Where the line containing "Pokemon TCG: Mega" appears below, begin there and reproduce each line exactly through the last one, omitting pictures.

*** GIVEN MATERIAL ***

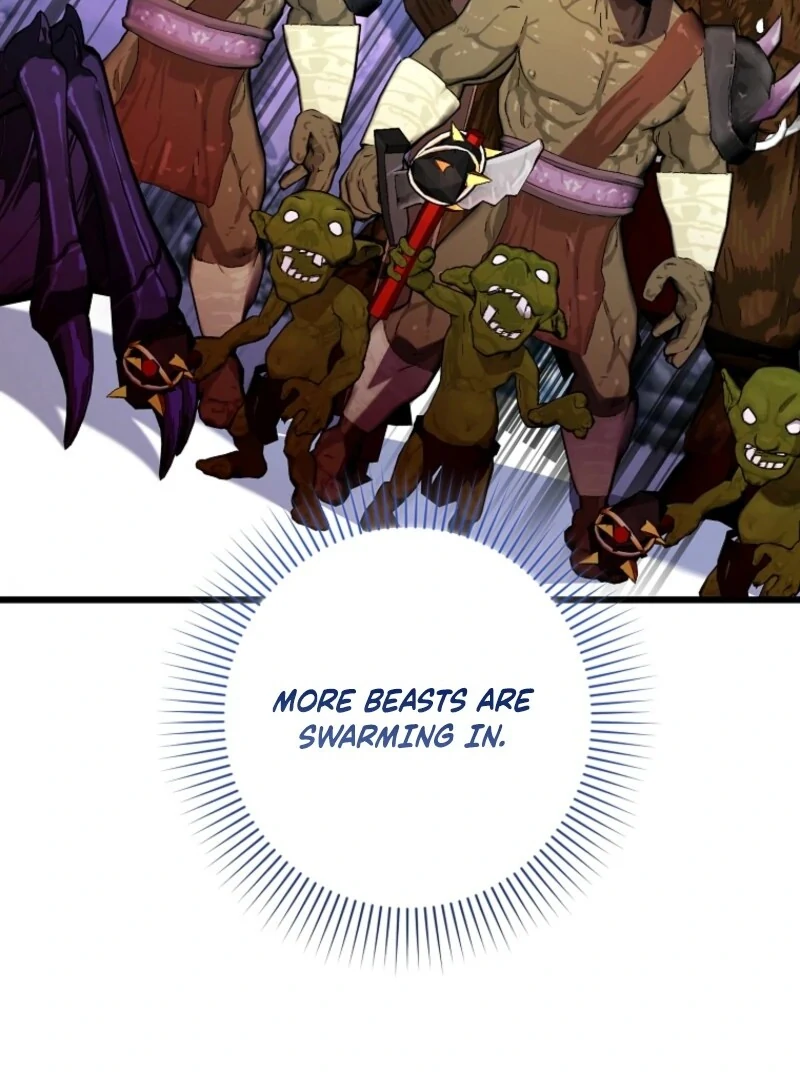 I Simply Cared For My Frail Dad Chapter 48 - Page 108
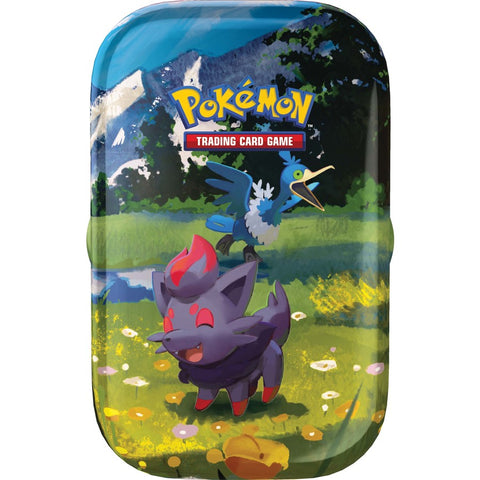Pokemon TCG: Mega Evolution - Ascended Heroes Mini Tins - Assorted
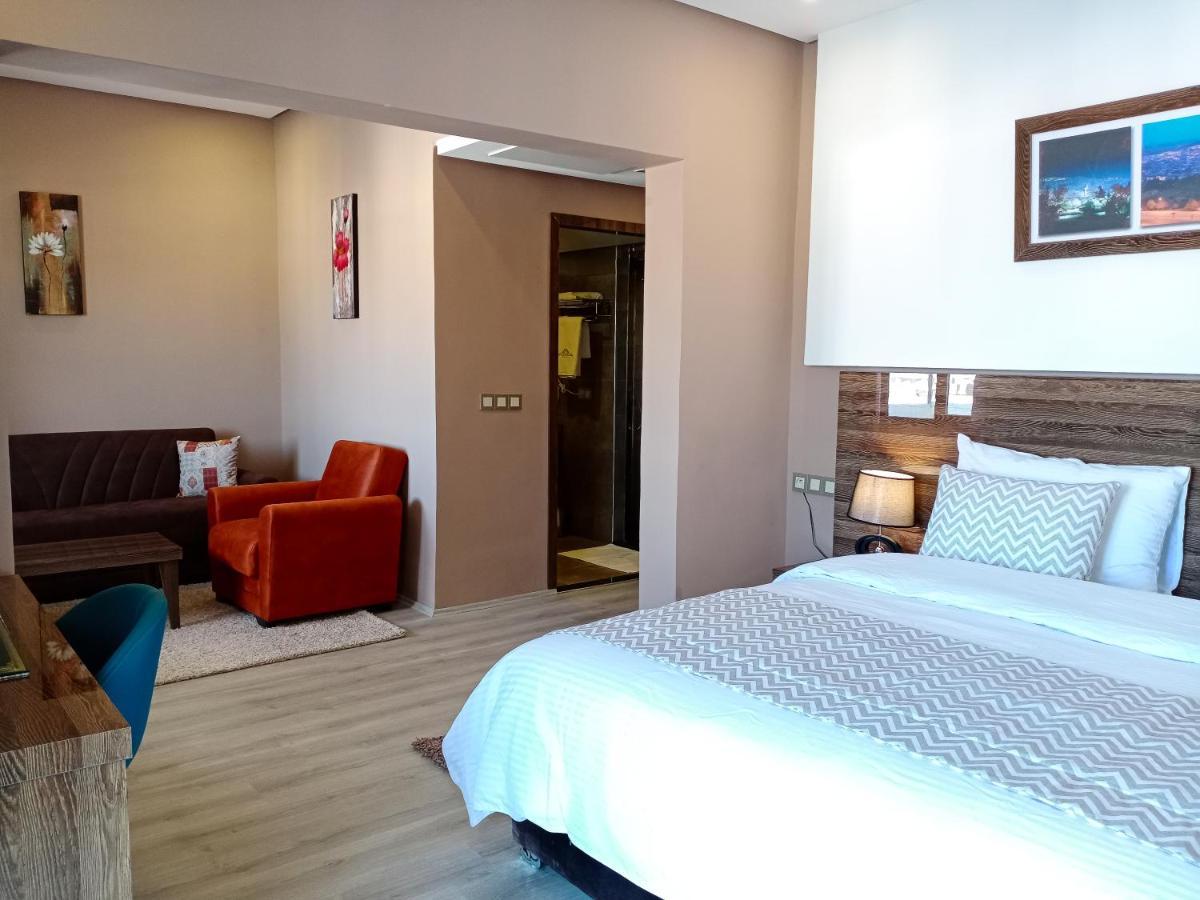 Suite Junior avec Terrasse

*** End of GIVEN MATERIAL ***

=== TASK ANSWER ===
Pokemon TCG: Mega Evolution - Ascended Heroes Mini Tins - Assorted
 Suite Junior avec Terrasse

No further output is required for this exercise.